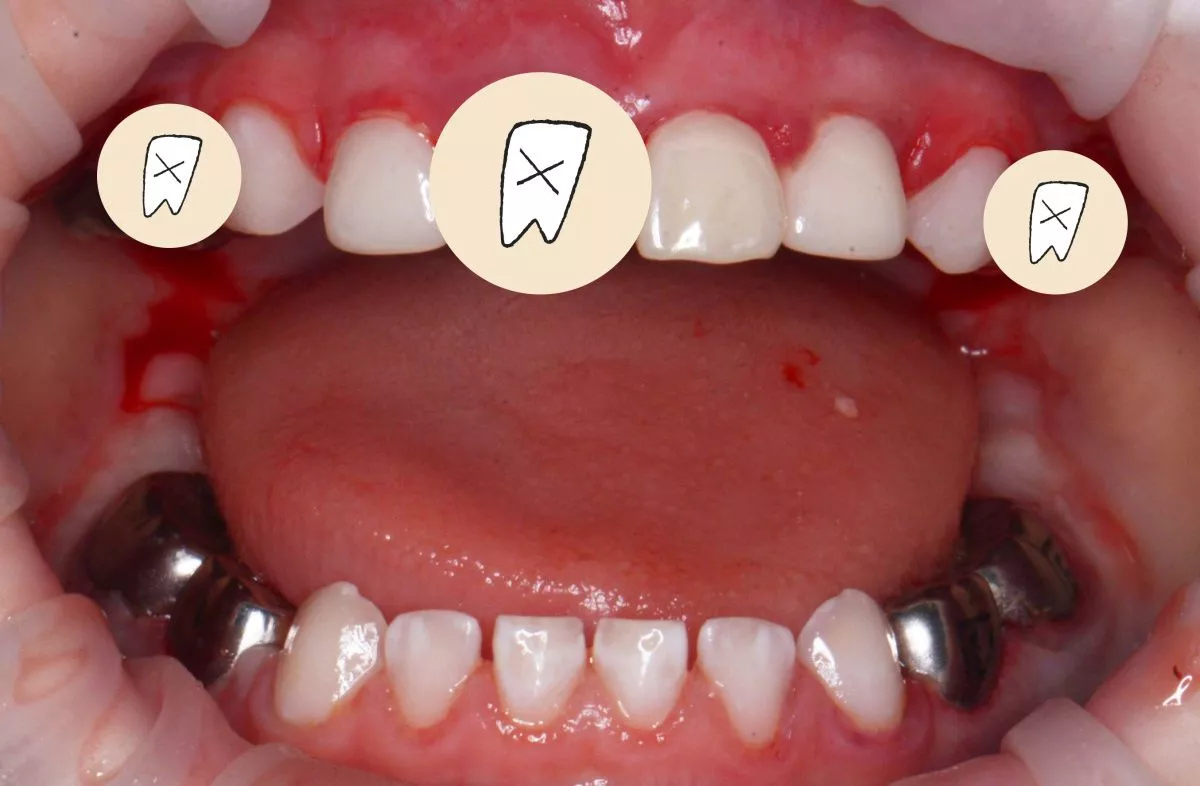 етская стоматология лечение под наркозом. Лечение во сне - установка коронок, удаление зубов и проведение профессиональной гигиены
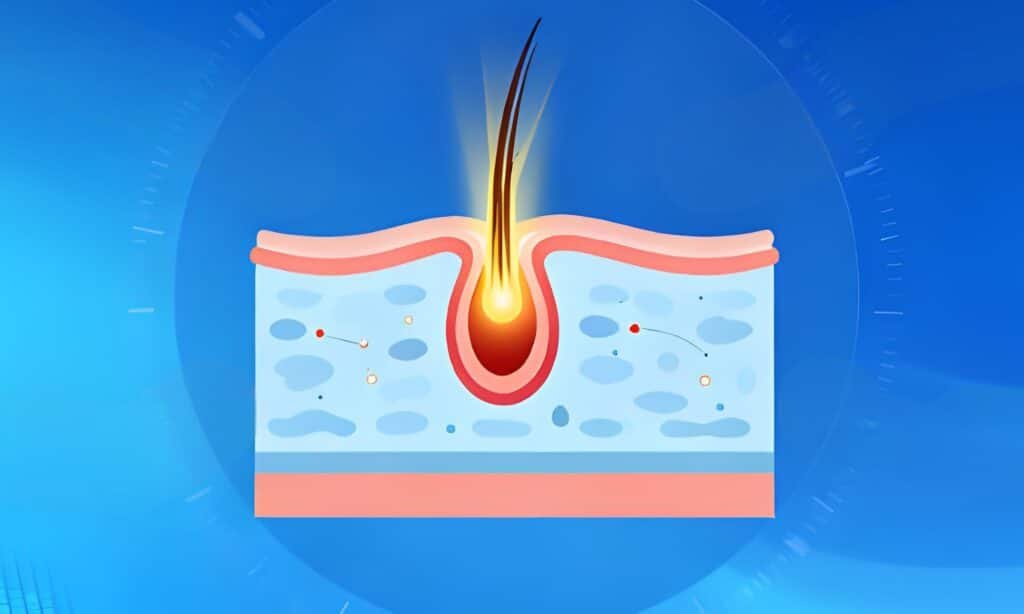 what is ipl hair removal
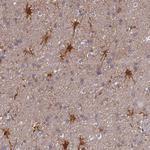 ELOA2 Antibody in Immunohistochemistry (Paraffin) (IHC (P))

◆ ◆ ◆

▶ [What you have to do] I need the lines from the line containing "what is ipl hair removal" through the final line of the listing duplicated exactly, both ends included, with no pictures and nothing else.

▶ [Solution for this problem]
 what is ipl hair removal
 ELOA2 Antibody in Immunohistochemistry (Paraffin) (IHC (P))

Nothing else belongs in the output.